Several limitations exist in the study. The model evaluations might be affected by the fact that the WMHP dataset was collected from a single institution and with MR machines from a single vendor. In the future, we will expand the WMHP dataset with multi-center collaborations and multi-vendor data, improving the diversity of the dataset with multiple clinical settings and patient demographics, and validate the proposed model’s generalizability and further solidify our findings. In addition, the real-world diagnosis of PCa generally integrates radiological findings together with clinical test results and demographic information^2,3. However, just like other existing studies^{4,5,6,7,8,9,10,23}, our study is limited on only utilizing information from mpMRI images. Potential performance improvements could be achieved if including clinical test results and demographic information in the csPCa detection model design, since they have shown the ability to improve model performance compared with using imaging information only in other computer-aided disease diagnosis studies^{51,52,53,54,55}. In addition, due to the limit role played by the DCE imaging in the clinical practice, we excluded the DCE imaging from the model design, like other existing studies with the same research objectives^{51,52,53,54,55}. As the DCE imaging can provide microvascular structure information, it could also potentially contribute to improved PCa diagnosis by providing imaging information from another perspectives³. The integration of clinical information and radiological findings, and the inclusion of the DCE imaging could be our future research directions.

We have shown that by taking PCa-specific anatomical priors into consideration, the PCa detection model improves its performance on both csPCa detection and patient-level classification. We believe the advantage comes from the key ideas of fusing the anatomical-related clinical priors into the loss function and network architecture design, which can better guide model training. The achievement could potentially influence the future designs of the DL-based PCa detection models on how the anatomical priors could help enhance the performance when integrating with DL model designs. We hypothesize that integrating the disease-specific anatomical-related knowledge into the model design could also potentially improve the model performance for other diseases, which could be a future research direction.

Conclusions

We have demonstrated that by integrating anatomical priors into the deep learning network architecture design, the model efficacy is enhanced on both clinically significant prostate cancer (csPCa) detection and patient-level classification. Adopted from the clinical interpretation, the anatomical priors are carefully achieved by a symmetric-aware architecture design and the Zonal Loss (ZL), which format the proposed 3D anatomical-aware prostate cancer detection network (AtPCa-Net). Our experiments show that the model performance improves when either symmetric-related anatomical priors or zonal appearance differences of PCa are considered, with the best results achieved when the model incorporates both information.

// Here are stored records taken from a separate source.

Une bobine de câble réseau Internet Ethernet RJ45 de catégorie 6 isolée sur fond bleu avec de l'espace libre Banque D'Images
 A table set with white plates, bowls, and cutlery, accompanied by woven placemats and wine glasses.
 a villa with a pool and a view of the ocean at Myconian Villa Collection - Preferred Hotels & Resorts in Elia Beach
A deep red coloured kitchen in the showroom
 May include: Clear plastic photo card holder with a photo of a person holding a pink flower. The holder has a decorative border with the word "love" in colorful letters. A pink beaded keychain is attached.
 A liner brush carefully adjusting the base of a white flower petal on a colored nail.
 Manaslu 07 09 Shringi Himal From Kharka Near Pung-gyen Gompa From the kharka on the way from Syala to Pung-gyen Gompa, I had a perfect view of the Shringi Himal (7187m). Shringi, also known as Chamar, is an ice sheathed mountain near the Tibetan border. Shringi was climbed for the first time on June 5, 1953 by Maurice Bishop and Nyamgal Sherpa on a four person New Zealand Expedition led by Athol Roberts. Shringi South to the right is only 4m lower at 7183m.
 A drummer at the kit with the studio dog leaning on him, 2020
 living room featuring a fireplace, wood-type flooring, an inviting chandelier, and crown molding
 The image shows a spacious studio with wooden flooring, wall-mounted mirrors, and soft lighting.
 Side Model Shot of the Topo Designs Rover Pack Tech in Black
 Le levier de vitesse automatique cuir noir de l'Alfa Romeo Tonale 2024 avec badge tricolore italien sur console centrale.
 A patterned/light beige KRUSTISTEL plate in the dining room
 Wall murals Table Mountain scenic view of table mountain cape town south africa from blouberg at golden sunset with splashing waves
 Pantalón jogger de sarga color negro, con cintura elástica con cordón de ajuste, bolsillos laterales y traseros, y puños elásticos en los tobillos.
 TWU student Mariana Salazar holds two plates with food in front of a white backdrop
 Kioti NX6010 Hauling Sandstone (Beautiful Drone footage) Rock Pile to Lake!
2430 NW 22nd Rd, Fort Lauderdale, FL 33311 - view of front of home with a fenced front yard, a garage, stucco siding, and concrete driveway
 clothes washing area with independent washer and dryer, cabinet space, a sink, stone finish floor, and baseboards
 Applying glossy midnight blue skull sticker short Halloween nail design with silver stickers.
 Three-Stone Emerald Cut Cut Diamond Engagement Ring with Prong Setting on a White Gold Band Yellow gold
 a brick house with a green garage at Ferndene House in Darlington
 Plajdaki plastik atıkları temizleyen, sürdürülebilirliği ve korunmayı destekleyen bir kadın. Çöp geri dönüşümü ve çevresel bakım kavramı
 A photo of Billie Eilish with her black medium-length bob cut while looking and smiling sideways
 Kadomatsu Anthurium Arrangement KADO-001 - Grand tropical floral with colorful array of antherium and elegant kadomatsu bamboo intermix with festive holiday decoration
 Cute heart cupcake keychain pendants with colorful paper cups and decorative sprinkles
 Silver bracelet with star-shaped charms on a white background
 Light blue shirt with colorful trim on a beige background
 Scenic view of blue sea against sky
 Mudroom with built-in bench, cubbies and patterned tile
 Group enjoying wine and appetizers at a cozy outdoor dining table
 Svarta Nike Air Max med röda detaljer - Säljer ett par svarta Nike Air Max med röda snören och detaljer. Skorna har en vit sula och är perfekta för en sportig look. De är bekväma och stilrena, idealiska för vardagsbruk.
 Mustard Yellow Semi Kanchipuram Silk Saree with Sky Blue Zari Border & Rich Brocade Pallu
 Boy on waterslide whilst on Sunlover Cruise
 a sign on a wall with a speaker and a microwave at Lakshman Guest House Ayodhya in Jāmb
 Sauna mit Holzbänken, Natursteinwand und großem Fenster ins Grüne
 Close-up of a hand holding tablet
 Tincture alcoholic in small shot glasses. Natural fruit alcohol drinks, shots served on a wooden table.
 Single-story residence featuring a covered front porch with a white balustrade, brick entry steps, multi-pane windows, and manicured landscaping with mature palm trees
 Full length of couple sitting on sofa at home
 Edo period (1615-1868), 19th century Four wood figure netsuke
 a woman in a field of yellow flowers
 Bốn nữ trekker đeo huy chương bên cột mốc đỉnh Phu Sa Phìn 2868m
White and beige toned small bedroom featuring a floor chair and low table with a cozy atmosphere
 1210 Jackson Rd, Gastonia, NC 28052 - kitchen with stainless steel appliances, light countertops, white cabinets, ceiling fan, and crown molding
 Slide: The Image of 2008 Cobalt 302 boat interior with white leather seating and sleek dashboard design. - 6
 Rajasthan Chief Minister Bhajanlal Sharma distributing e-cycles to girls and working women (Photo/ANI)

The proposed AtPCa-Net shows superior performance to other baseline models in both csPCa detection and patient-level classification, and shows the potential to further reduce the number of unnecessary biopsies may be caused by using current DL models. Our approach also reveals the potential flexibility of the anatomical-aware designs as they can improve the model performance with different backbone networks. How to generalize the anatomical-aware design idea to other specific diseases and how to integrate the design with clinical test results and demographic information could be our future research directions.